Police officers fear that everyone could be armed. Too many are and the result is senseless death by bullets.Bullets are flying in some of our neighborhoods. Innocent people like Birdell Beeks, a beloved grandmother was shot and killed by a stray bullet while sitting in her car in Northeast Minneapolis. Last week, after the tragic and heinous shooting of Philander Castile, 2 babies were shot in their father’s car when bullets were fired in North Minneapolis. A 2 year old died and a 15 month old was injured. (…)

The gun lobby is profiting off of our fears. They are encouraging, to the tune of over $14 billion dollars a year, the arming of America. They are promoting fear of “the other” to get people to buy guns. And the result is an armed society where no one knows who is the good guy with a gun and who is a bad guy with a gun anymore. An armed society is not a polite society.

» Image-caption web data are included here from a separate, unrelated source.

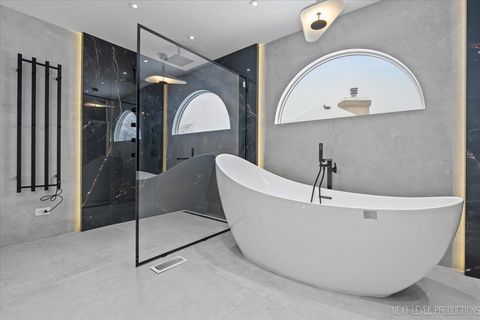 Tiny photo for 970 Waterside Court, Aurora, IL 60502 (MLS # 12609874)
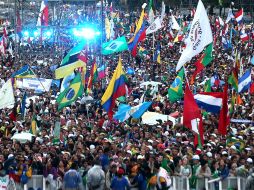 Cerca de 1.5 millones de personas escucharon un discurso del Papa en Copacabana. EFE /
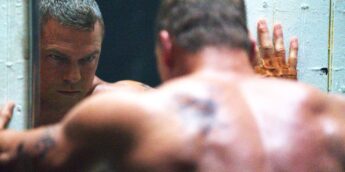 Alan Ritchson em Motor City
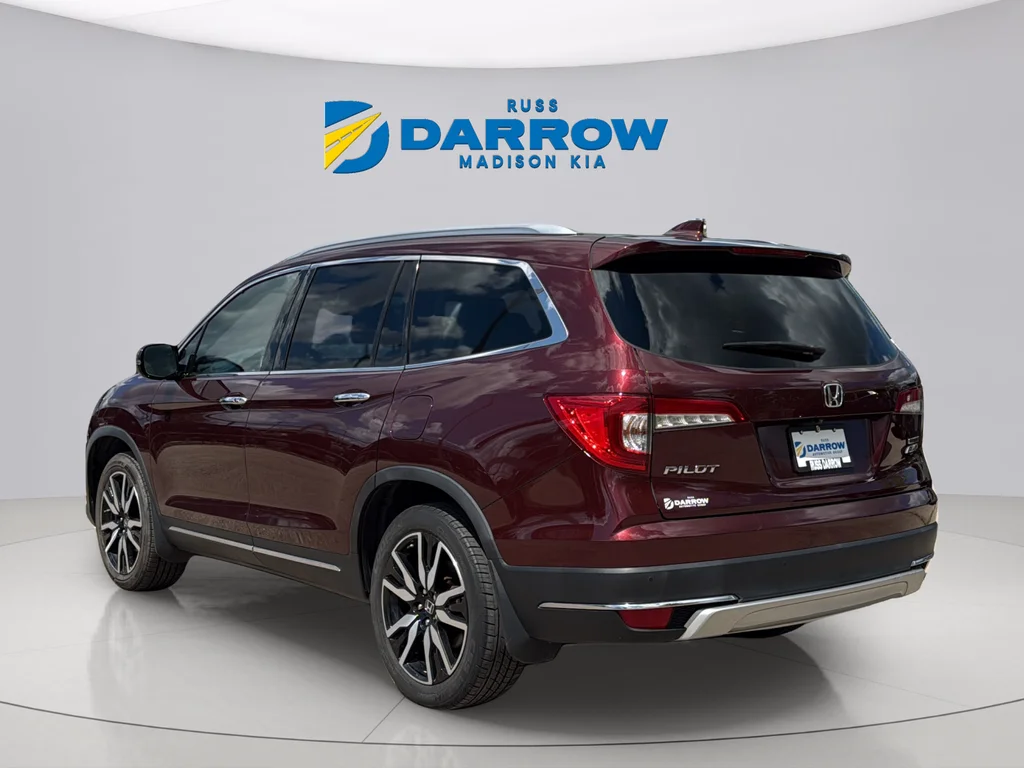 Used 2019 Red Honda Touring image 3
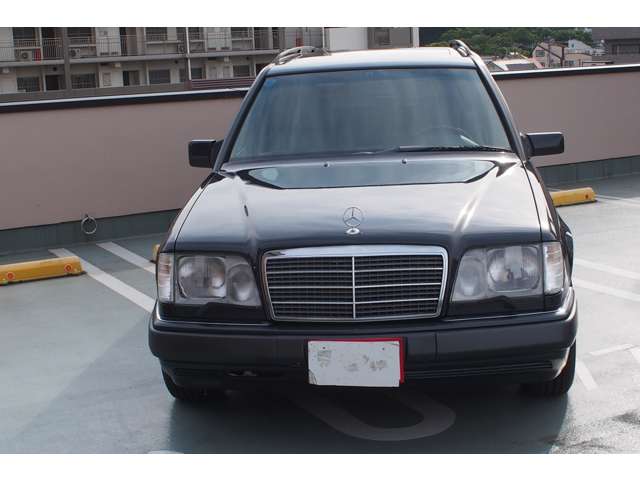 1995 Mercedes-Benz E-Class Wagon – thumbnail 2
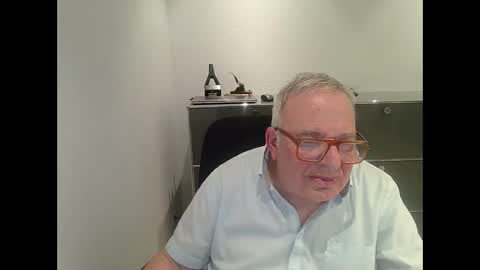 martin_1947 online show from February 2025 11:14:02 PM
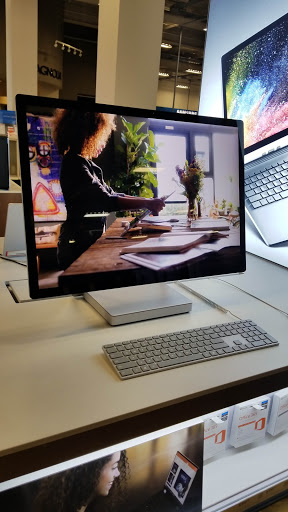 Best Buy image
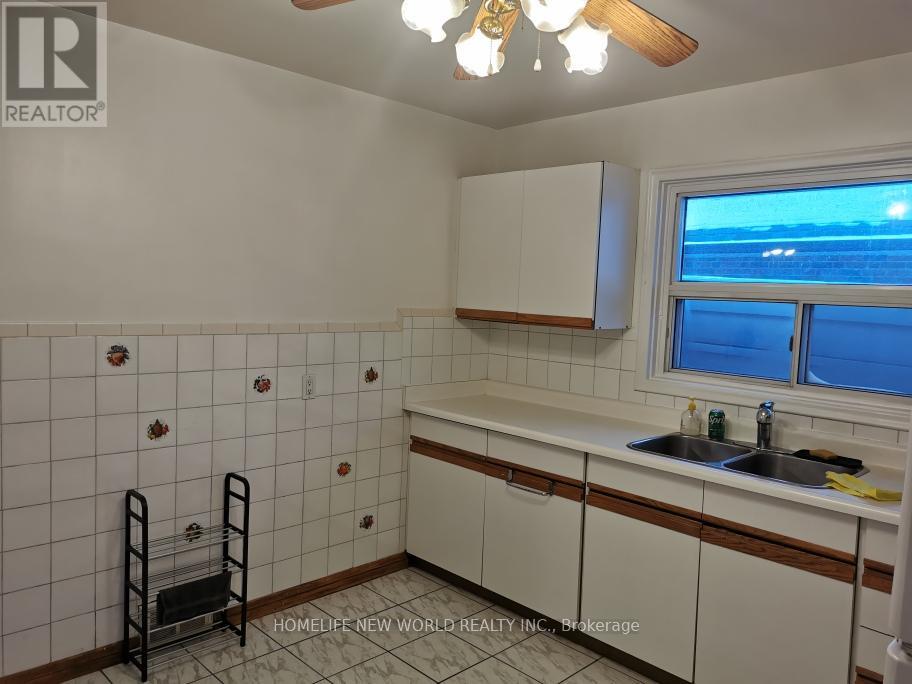 Main - 56 Joanna Drive, Toronto, Ontario  M1R 4J3 - Photo 4 - E12655222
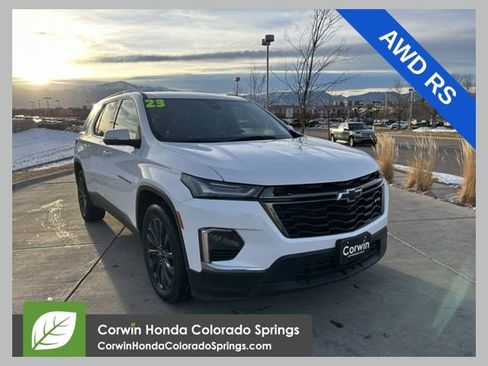 Used 2023 Chevrolet Traverse RS image 1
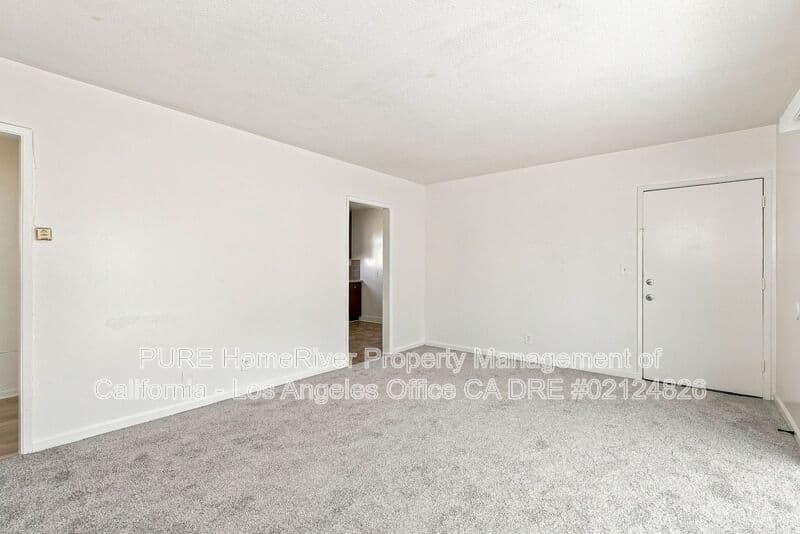 Gardena House: 1433 W 145th Street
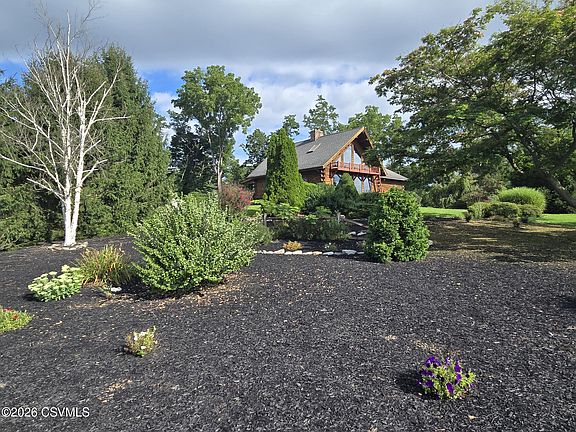 4th image of 737 Shuck Rd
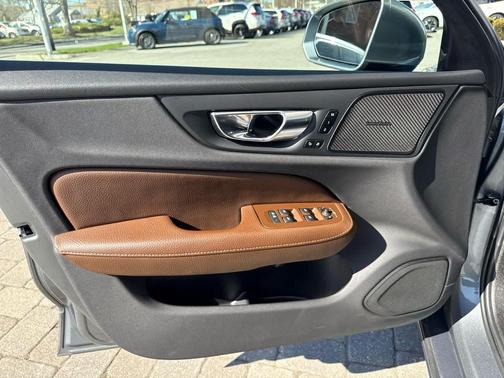 Osmium Grey Metallic 2021 Volvo S60 T5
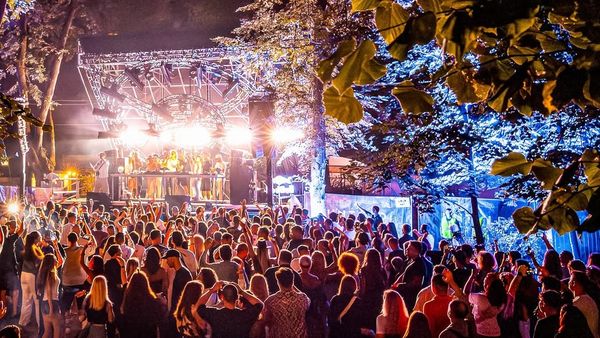 UNTOLD X. Cât te costă o porție de mâncare la ediția aniversară a celebrului festival? Iată prețurile la care trebuie să te aștepți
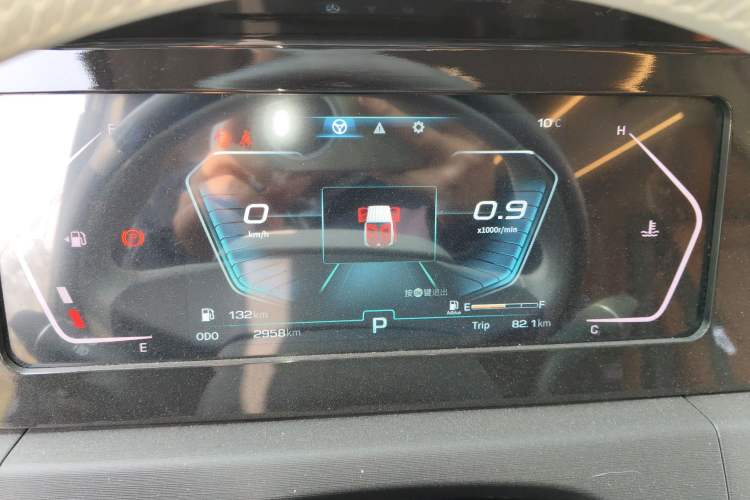 Used Sinotruk Pioneer V 2025 Multi-Function PRO Edition 2.0T Automatic Mid-Roof Mid-Height Instrument Cluster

One of the officers who attended this event told me during a conversation that the police department has to have more guns and more high caliber weapons like assault rifles now to keep up with what citizens have. Indeed, in Duluth, a man was arrested after making threats with an AR-15 on Friday night:

Police executed a search warrant at Davis’ residence and found a loaded Hi-Point brand 9 mm assault rifle between the mattress and box spring of his bed, the complaint said. Officers said the serial number had been scratched off the weapon, which appeared to be fully automatic and fully functional.

Fully automatic? Luckily that did not result in a shooting but it easily could have.

Everyone is afraid of everyone else. They have good reason. I just learned of the shooting death of 3 Baton Rouge, LA police officers. A man apparently walking around with an assault style rifle opened fire on the officers. A bystander called to report this person. How did she know the difference between a good guy with a gun and a bad guy with a gun? More on this later but several days ago, Baton Rouge police were put on alert when there was a threat of a shooting of officers. People were arrested after they had stolen guns:

Authorities in Baton Rouge said this week that a teenager accused of stealing guns during a burglary told investigators that he and others involved were seeking bullets to shoot officers there. Officials said that they deemed this threat to be so credible that it shaped their response to protests over the death of Alton Sterling.

Police say that they arrested three people related to the theft, which occurred early Saturday morning at a pawn shop more than 2 miles from the food mart where Sterling was fatally shot by officers four days earlier.

These are our nation’s young people. What is happening in our country? Teens and guns are not a good mix.

People have had #Enough. It’s past time to do something.

A high school freshman wrote this one. Please read it and listen to the voices of our children. They know more than many of the adults in the country. From her letter:

We shouldn’t ban guns totally, as that would jeopardize the basic need of self-defense, but we should not give unlimited access to all sorts of guns in the name of the Constitution. Our neighbor Canada has restricted certain guns from civilian use. In the past year Canada had 172 deaths related to firearms, whereas the United States had 12,236 firearms-related deaths. We ought to follow our neighbor in restricting certain assault rifles and administering appropriate background checks. This way we can ensure the safety of our people and respect our constitutional right.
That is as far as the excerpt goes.